- TASK STATEMENT: Pictures excluded, reproduce exactly the lines below from the one with "Sitting Posture Laosha" through the one with "М'яка іграшка Squishmallows", both included.

- MATERIAL PROVIDED:
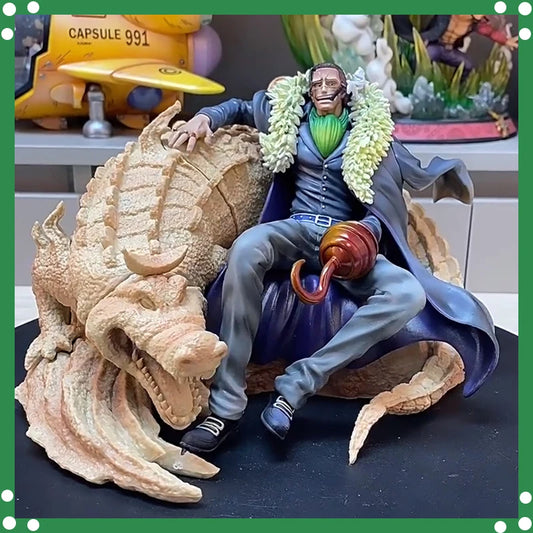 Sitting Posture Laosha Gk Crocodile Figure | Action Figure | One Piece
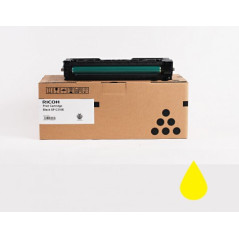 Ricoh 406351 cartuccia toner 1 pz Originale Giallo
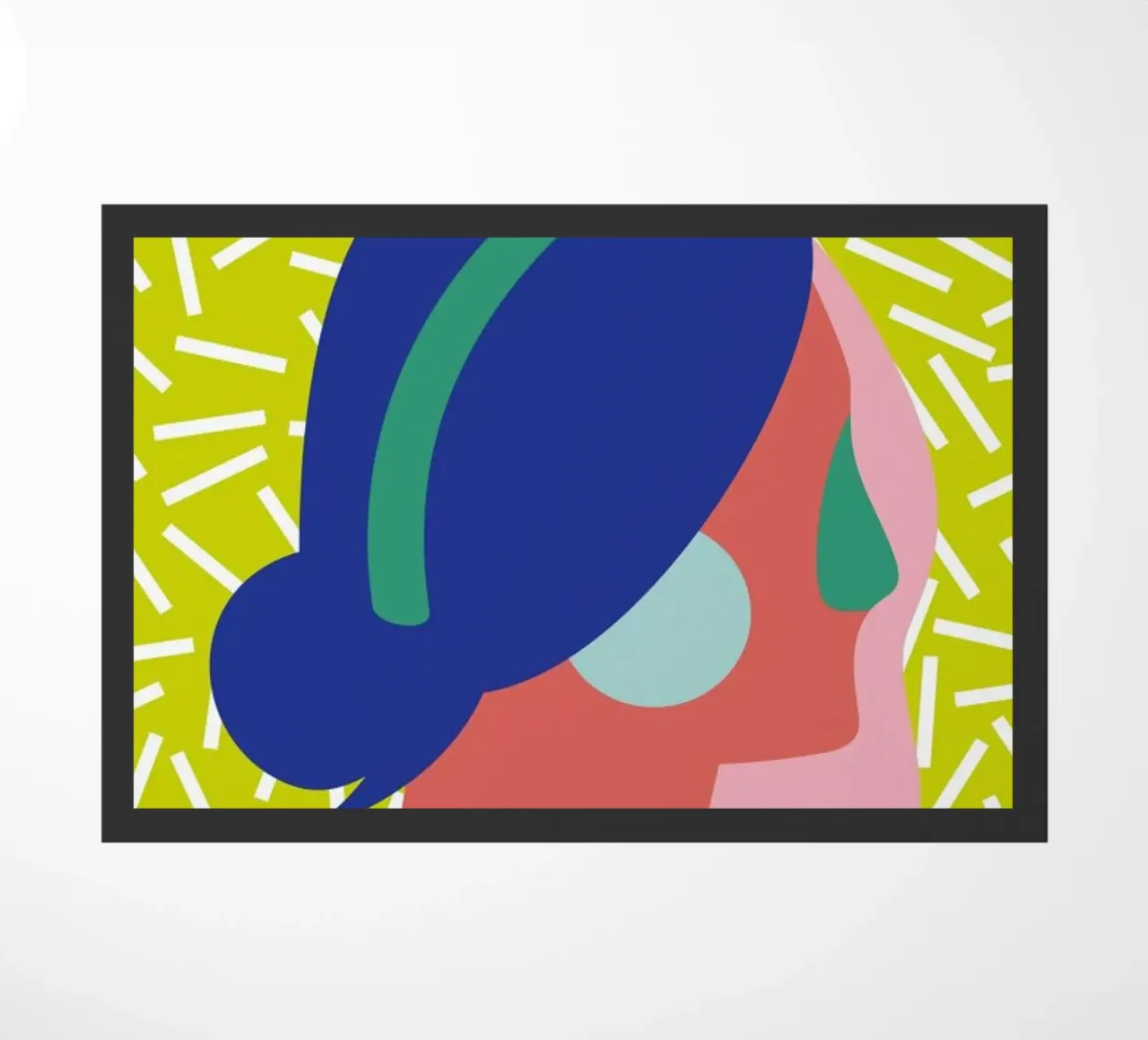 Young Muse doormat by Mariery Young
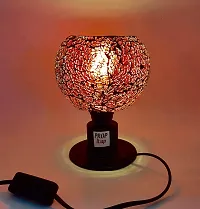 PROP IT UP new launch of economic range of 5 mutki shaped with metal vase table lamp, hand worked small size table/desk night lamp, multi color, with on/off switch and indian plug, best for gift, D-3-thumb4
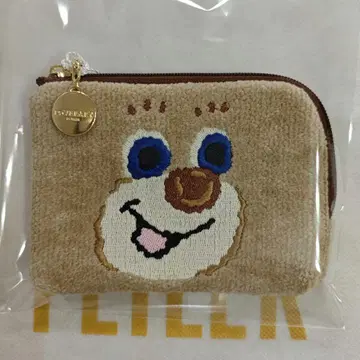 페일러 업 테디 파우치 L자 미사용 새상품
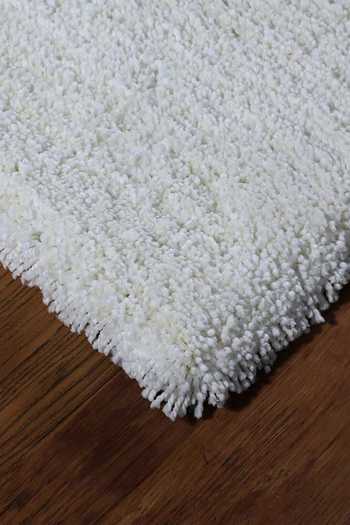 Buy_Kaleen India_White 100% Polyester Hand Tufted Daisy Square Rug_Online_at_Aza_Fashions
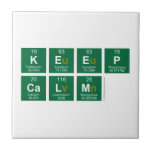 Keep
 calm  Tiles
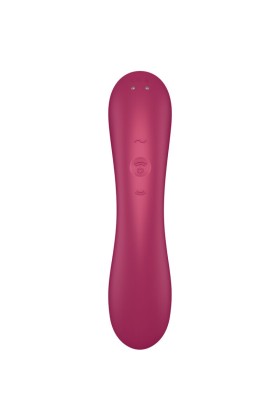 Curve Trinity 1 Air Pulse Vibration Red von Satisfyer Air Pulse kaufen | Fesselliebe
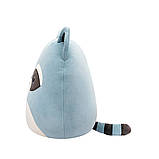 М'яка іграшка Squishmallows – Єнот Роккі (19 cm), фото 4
---
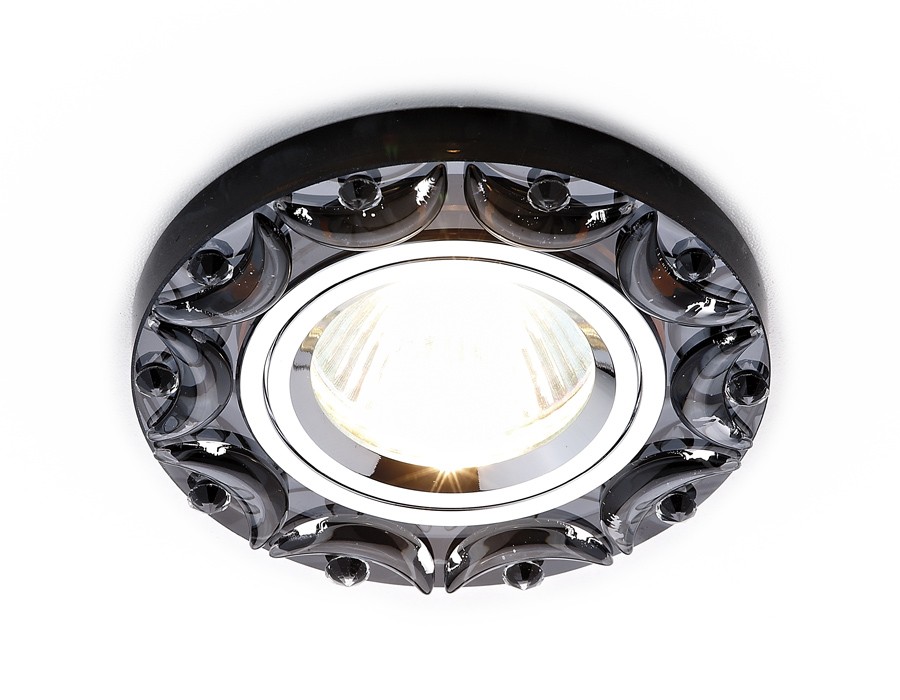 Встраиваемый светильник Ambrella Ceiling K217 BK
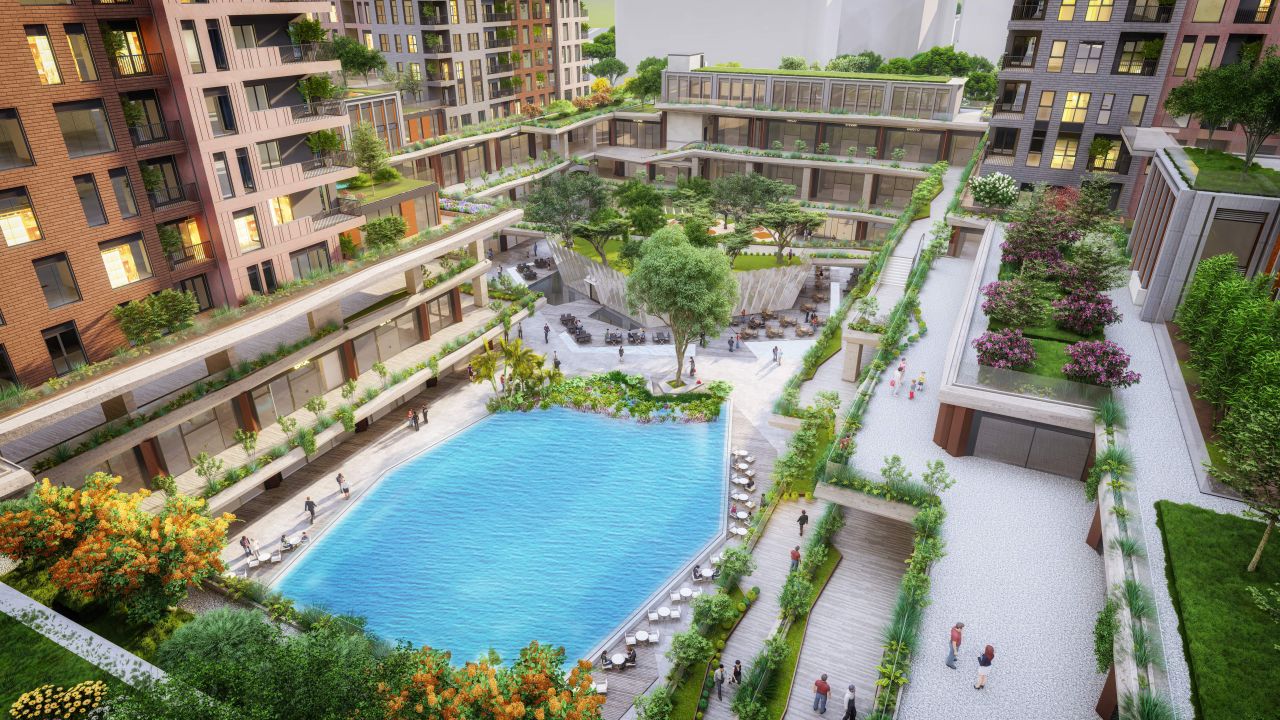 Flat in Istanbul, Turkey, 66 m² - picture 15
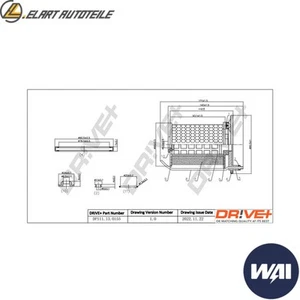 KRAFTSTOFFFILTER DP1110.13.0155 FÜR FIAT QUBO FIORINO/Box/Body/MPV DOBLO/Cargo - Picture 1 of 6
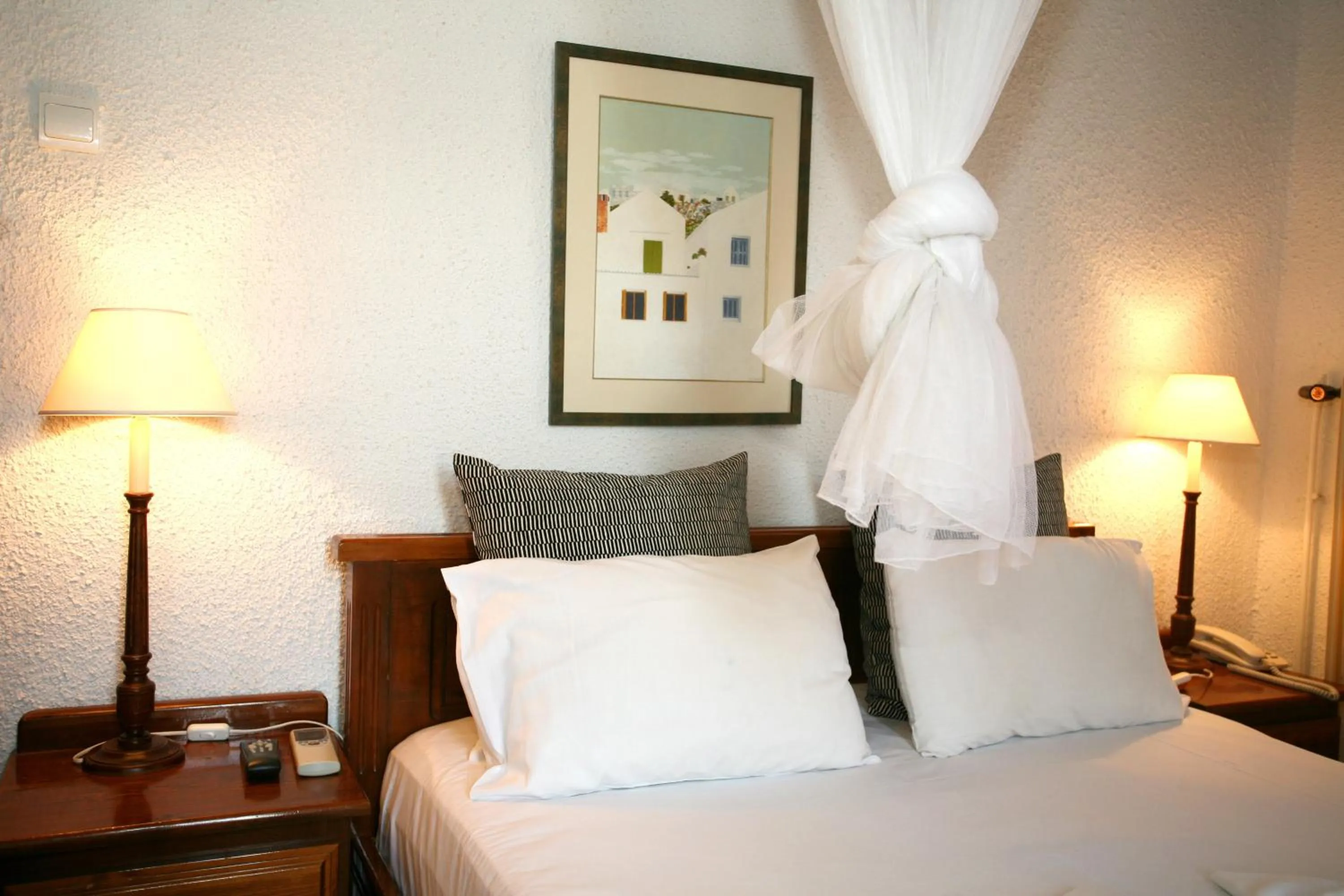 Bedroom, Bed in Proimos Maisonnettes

- REPLY TO THE EXERCISE:
 Sitting Posture Laosha Gk Crocodile Figure | Action Figure | One Piece
 Ricoh 406351 cartuccia toner 1 pz Originale Giallo
 Young Muse doormat by Mariery Young
 PROP IT UP new launch of economic range of 5 mutki shaped with metal vase table lamp, hand worked small size table/desk night lamp, multi color, with on/off switch and indian plug, best for gift, D-3-thumb4
 페일러 업 테디 파우치 L자 미사용 새상품
 Buy_Kaleen India_White 100% Polyester Hand Tufted Daisy Square Rug_Online_at_Aza_Fashions
 Keep
 calm  Tiles
 Curve Trinity 1 Air Pulse Vibration Red von Satisfyer Air Pulse kaufen | Fesselliebe
 М'яка іграшка Squishmallows – Єнот Роккі (19 cm), фото 4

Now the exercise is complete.